Karma: Ugh you're that girl? The fixer. Always taking care of everyone to feel useful. Want my advice. Give the boy some space. Guys don't like to let people see their emotions. It makes them feel weak.

Spiederman: Jude, he just broke up with his girlfriend who then died. Talk about intense. That's like breaking up times a million for eternity.

Spiederman: Now have to worry about Patsy's ghost coming around giving us supernatural wedgies.

Jude: [voiceover] Eighteen is big. By the time he was eighteen Mozart had already toured Europe, written his first opera and composed symphony no. 1. By 18, Stevie Wonder had mastered 18 instruments, had four hits and was composing for Motown. As for my 18th birthday, I just want everything to go right.

Tommy: I understand you want to protect your daughter.

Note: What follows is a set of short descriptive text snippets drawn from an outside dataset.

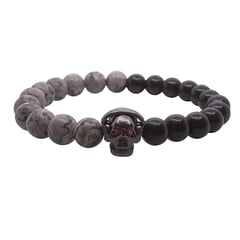 LUCYANA JOYAS Y ACCESORIOS - Pulsera para Hombre de Calavera con Audífonos con Cuarzo Ónix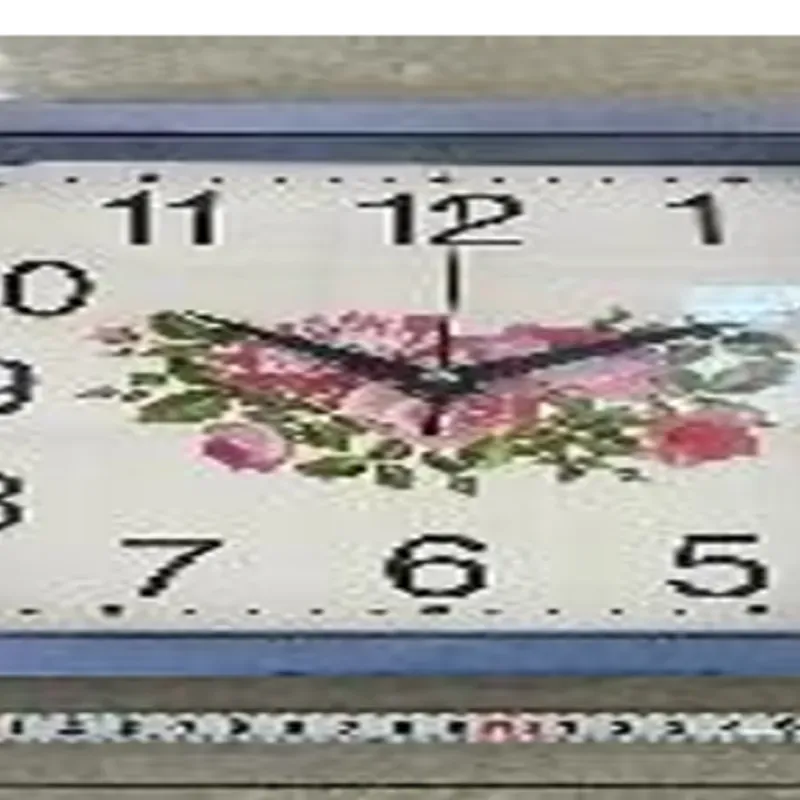  Reloj de pared cuadrado plástico con diseño de  frutas,  25 cm, color mixto,  Caja de cartón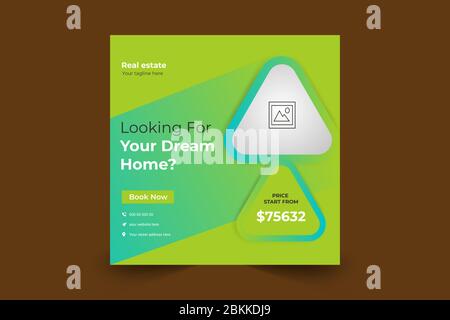 Real Estate Social Media Post Template, Editable Banner Template With Dream Home Post Social Media Stock Vector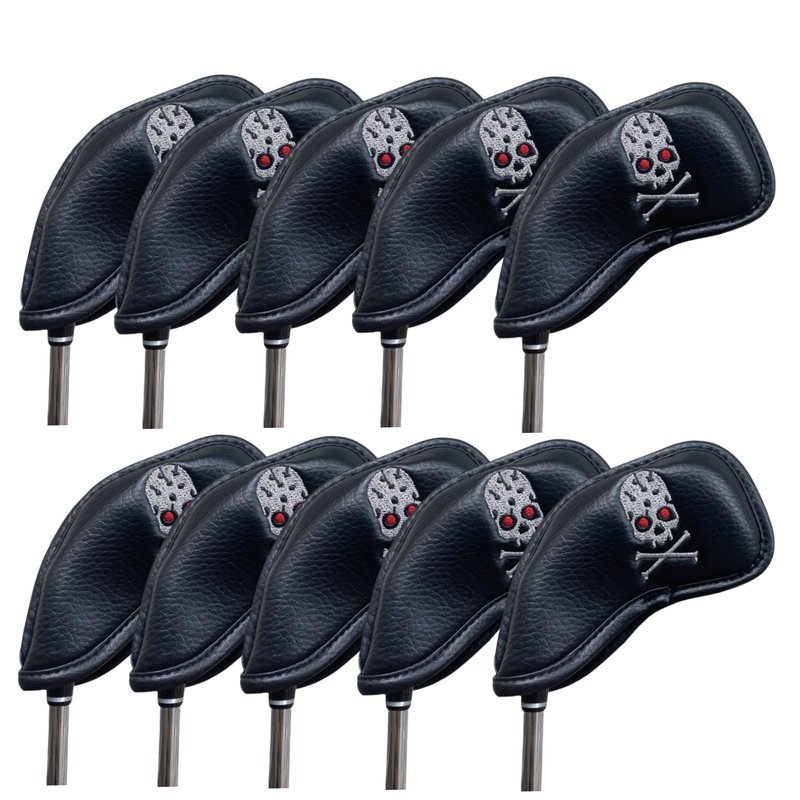 Premium PU Leather Golf Headcovers Set - 10pcs Skull Skeleton Iron Headcovers #3-9, PW, SW, AW - Black Club Protective Case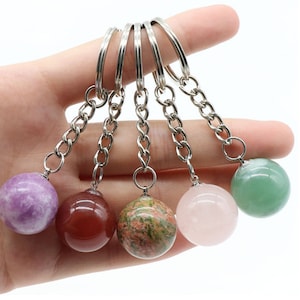 20mm Round Crystal Ball Keychain,Gemstone Key Chain,Silver Healing Crystal  Keychain,Bag Accessory,Keychain Charm,Gift For Her-YF2205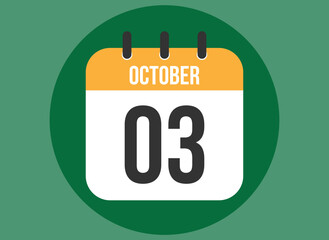 3 October green calendar vector. Calendar october with circle in background clear.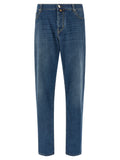Blue Cotton Straight-Leg Jeans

If I had a daughter I'd never let her date me.

Tommy: The only thing feeling worst than you can't move on, is the moment you realize that you can.

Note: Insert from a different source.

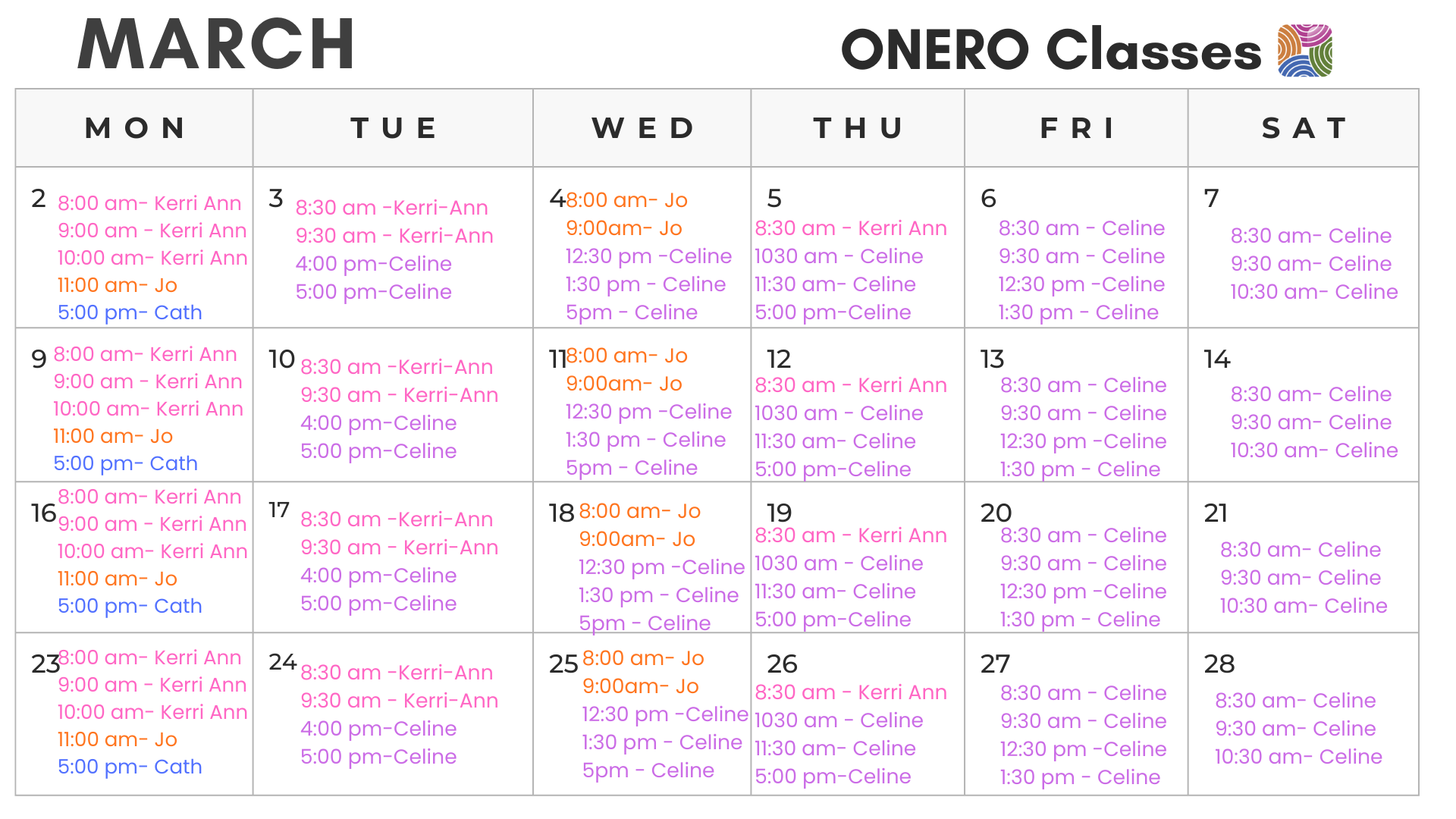 Click to book! Times and practitioners subject to change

Pagan: I always thought one's music collection is like an autobiography you didn't write.

Sadie: I know he's never going to wake up and say it was me all along. And I know I have to get over him. And I know it's bad to use Kwest to do that, but maybe that's what I gotta do. So save the intervention, please.

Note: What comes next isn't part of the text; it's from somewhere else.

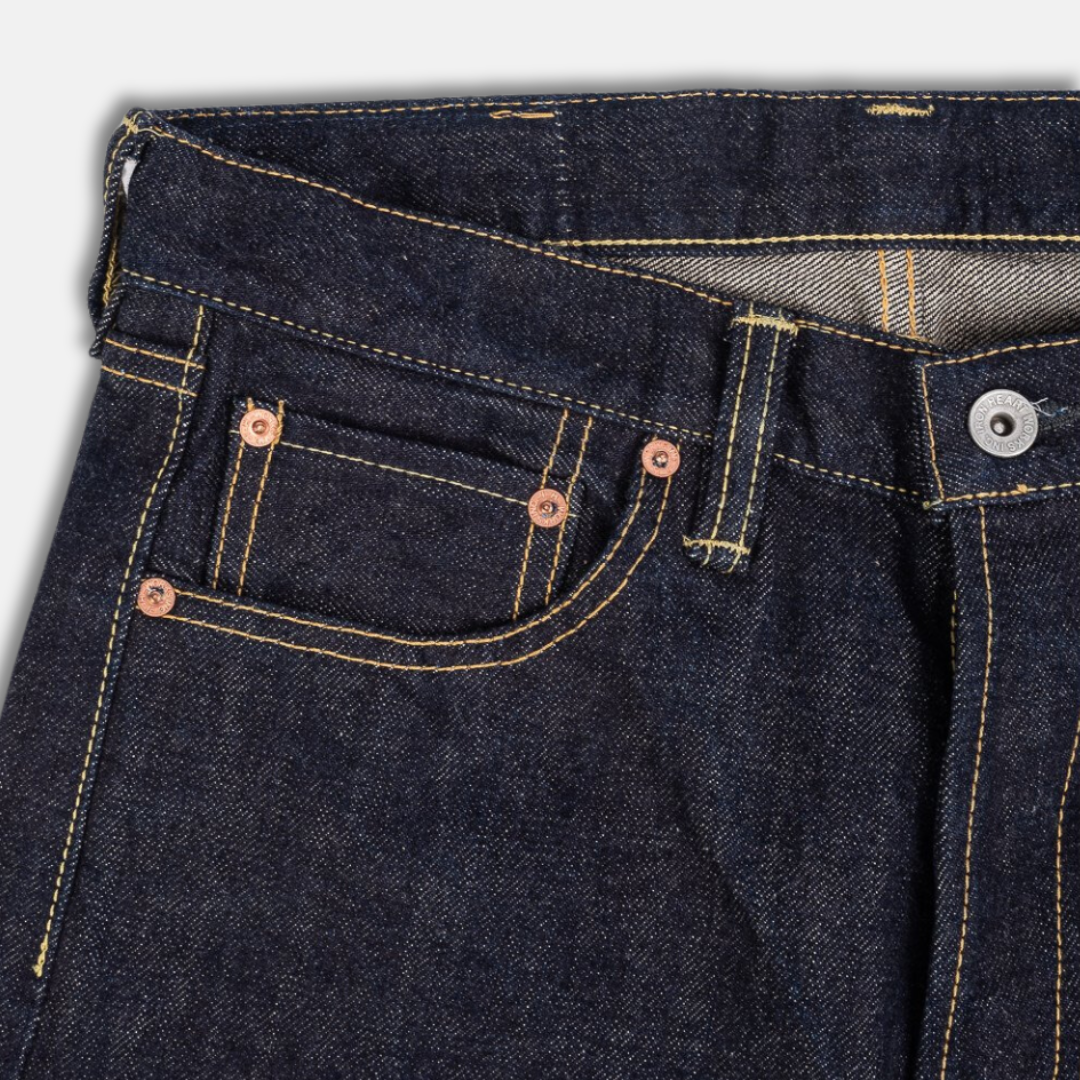 17oz Selvedge Denim Straight Cut Jeans-Natural Indigo (634N) | Iron Heart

Hunter: Revenge is the best revenge.

Hunter: Bingo. Blond, beautiful, and insecure. Just the way you like them.

Jamie: Lately my life's been cloudy with a chance of lame.

Stuart: People say love's complicated. But it's not. Be good to your partner, fight for him, not with him, and above all, be honest.

Jude: [voiceover] The best presents are often secret gifts you give yourself. Special things you've always wanted. So for my 18th birthday, I went all out. I decided to tell the world how I feel about Tommy Quincy. Nothing says 'I love you' like unwrapping your feelings to the world. And nothing says he doesn't like a huge dose of public humiliation.

Kwest: Then do me a favor and just stop talking. Matter of fact, let's not talk until you figure out what you want, or who.

Karma: I told you, the public can't think I have a boyfriend. Nerds, geeks, dorks, they all have to think I'm attainable.

Spiederman: Yeah they also have to believe you're not a self-involved diva.

Jamie: I think my break-through is about to become a full-blown panic attack.

Pagan: Taking stuff out on other people is like the third stage of grief.

Jamie: I don't think there's a Hallmark card that says, "I'm sorry, I blamed you for my girlfriend's death."

Jamie: She's fun, she's compassionate, but doesn't let me get away with anything, from music snobbery to pleated pants. She's willing to try anything once, twice if it scared her the first time. She loves music so much, she cried when she sees an old album in the dollar bin at the gas station. She's just... amazing.

Tommy: That's my M.O. I hurt people, especially the ones I care about. I don't deserve them.

Tommy: Leaving is the one thing I do best.

Jude: Secret relationships, they're not healthy. Trust me.

Pagan: First drafts are pure, and I like trees.

Tommy: Why is it that all the nice ones always fall for me?

Sadie: I guess we think we can fix you. You know, find the heart under all that bad boy.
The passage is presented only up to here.